Questi problemi ovviamente provocano difficoltà alle autorità israeliane, che devono già difendersi dalle critiche dell’opinione pubblica internazionale verso la loro politica in materia di insediamenti, e per i mancati adempimenti richiesti dalle Nazioni Unite in tema di territori occupati.

Papa Francesco si è recato in Terra Santa sicuramente con questi promemoria in agenda, sapendo peraltro che la questione di Gerusalemme è ancora aperta, e che la Santa Sede mantiene la posizione secondo cui la città non è capitale dello Stato israeliano bensì città un regime internazionale, e Luogo Santo per le tre religioni monoteiste. Si tratta di una questione importante, che per esempio ha creato problemi di protocollo, visto che il Papa non può passare da Bethlem a Gerusalemme attraverso i checkpoint del muro di divisione: delimitazione considerata arbitraria ed artificiosa.

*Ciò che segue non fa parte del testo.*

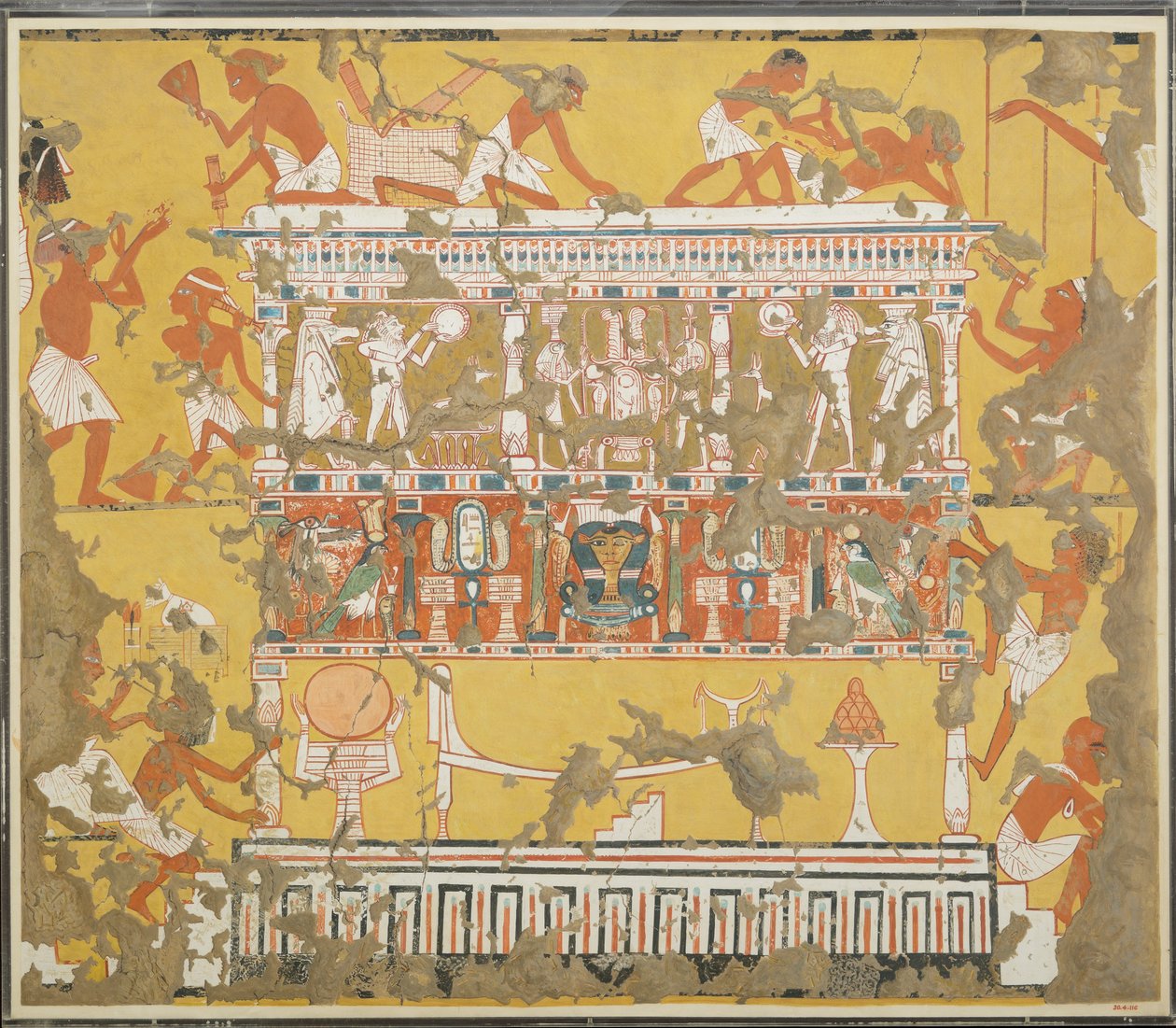 Budowa katafalku, Grobowiec Ipuy, ok. 1930 r. 1279-1213 pne (tempera na papierze) autorstwa Norman de Garis Davies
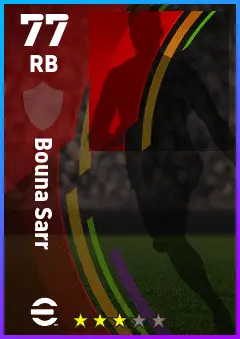 Bouna Sarr eFootball 2026 player card — 77 OVR RB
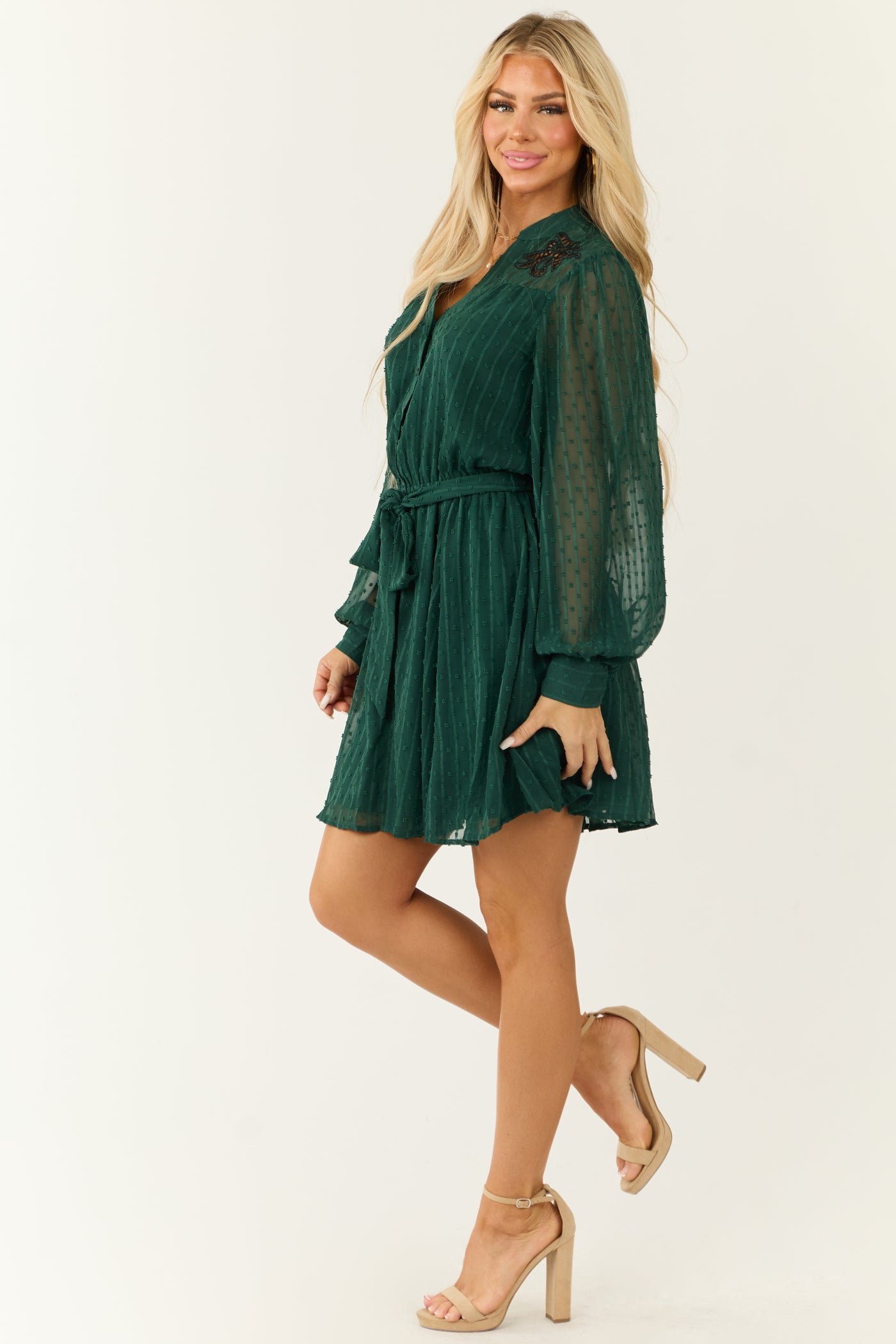 Flying Tomato Forest Green Textured Short Dress Flying Tomato Forest Green Textured Short Dress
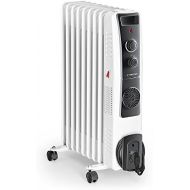 [아마존베스트]TROTEC Oil radiators TRH 22 E - electric, energy-saving radiator with 9 ribs, 3 heat settings (800/1,200/2,000 watts), adjustable thermostat, turbo fan and safety shut-off function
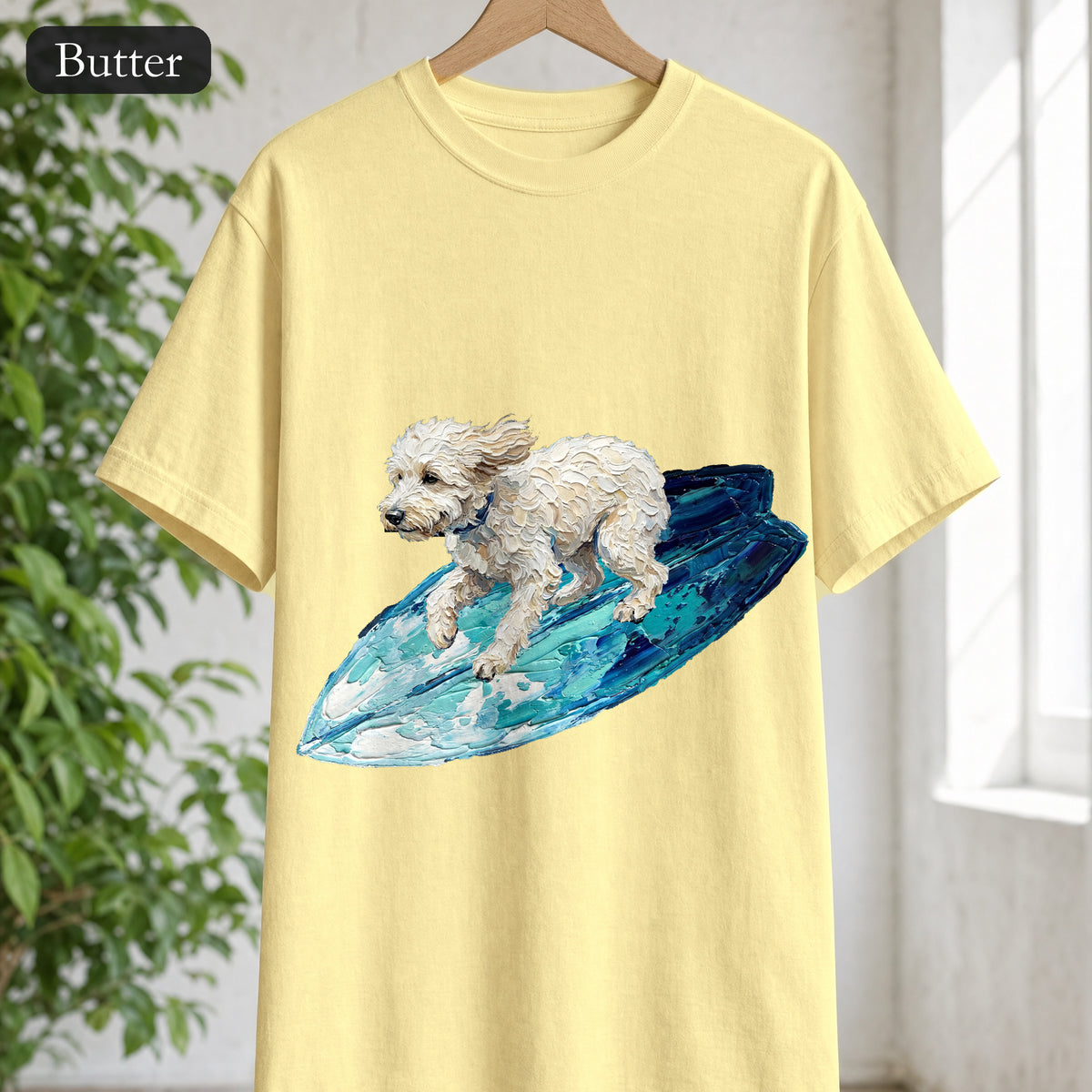 Surfing Dog Shirt, Painterly Surf Dog Tee, Beach Coastal Dog Lover Gift, Summer Ocean Dog Mom Sweatshirt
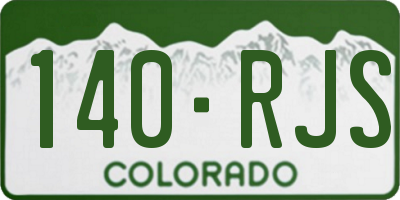 CO license plate 140RJS
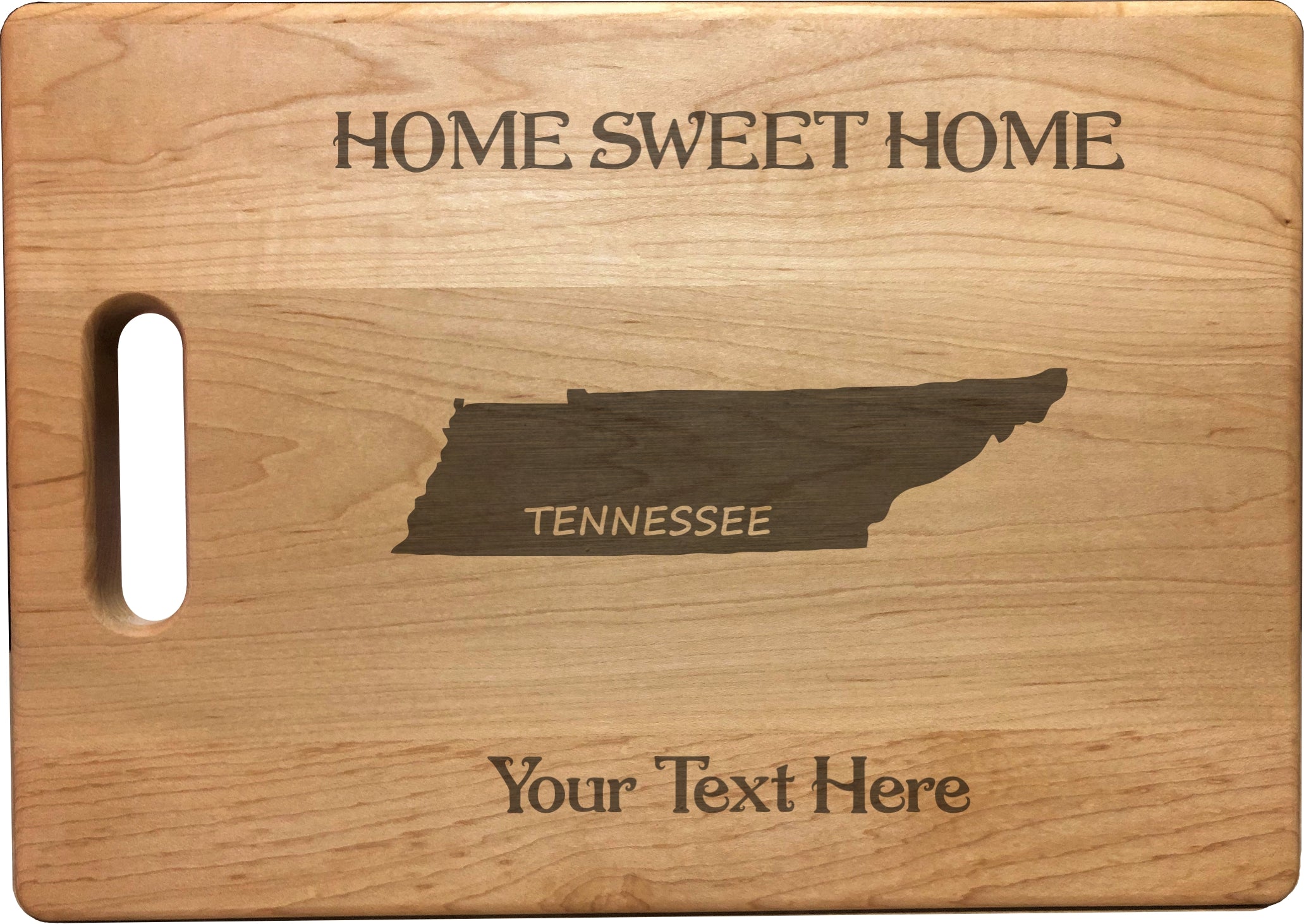 Personalized Tennessee Engraved Natural Wood Cutting Board, Home Sweet Home with Custom Text, Engraved Bamboo or Maple, Housewarming Gift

E a proposito di questa “barriera di sicurezza” israeliana, ha colpito molto vedere il Papa fermare il corteo dopo il primo incontro con Abu Mazen, e prima di giungere alla Piazza della mangiatoia di Bethlem; ha commosso vederlo scendere e avvicinarsi a quel muro con emozione; toccarlo e restare in meditazione, proprio come fosse davanti a un nuovo Muro del pianto.

Non sappiamo se l’idea del Papa di accogliere nella sua casa in Vaticano le autorità palestinesi e israeliane per discutere di pace (e soprattutto pregare per essa) sia gemmata sul momento, al di fuori dei testi diffusi ai giornalisti; o se, come siamo portati a credere, non si tratti di qualcosa di profondamente meditato. Fatto sta che il Papa sa bene che la questione mediorientale è in grave ristagno, anche perché gli interlocutori che si sono di volta in volta interposti e avvicendati a gestire i negoziati (Stati Uniti, le varie troike, l’Unione Europea ecc.) per svariate ragioni hanno perso in autorevolezza e in carisma agli occhi delle due parti, israeliana e palestinese.

Si tratterà dunque di vedere quali effetti sortiranno le parole di pace di Francesco, all’indomani di questa visita. Ma una cosa è certa: questo Papa è armato di pace e di ecumenismo e sa anche che non basta sentirsi tutti fratelli per costruire la pace. Bisogna rinnovare la fratellanza per rinvigorirla. «Promuovere nuovi rapporti fraterni», come ha detto il Papa al patriarca ortodosso Bartolomeo I, significa dar nuovo lustro ai vecchi rapporti e coltivarne di nuovi con i mai visti, con i mai cercati, con i mai saputi. Questo rende il cammino della pace un cammino religioso impegnativo, ma certamente più autentico e in grado di rinvigorire anche una politica internazionale che in Medio Oriente sembra ormai a tutti fallimentare, immobile e stantia.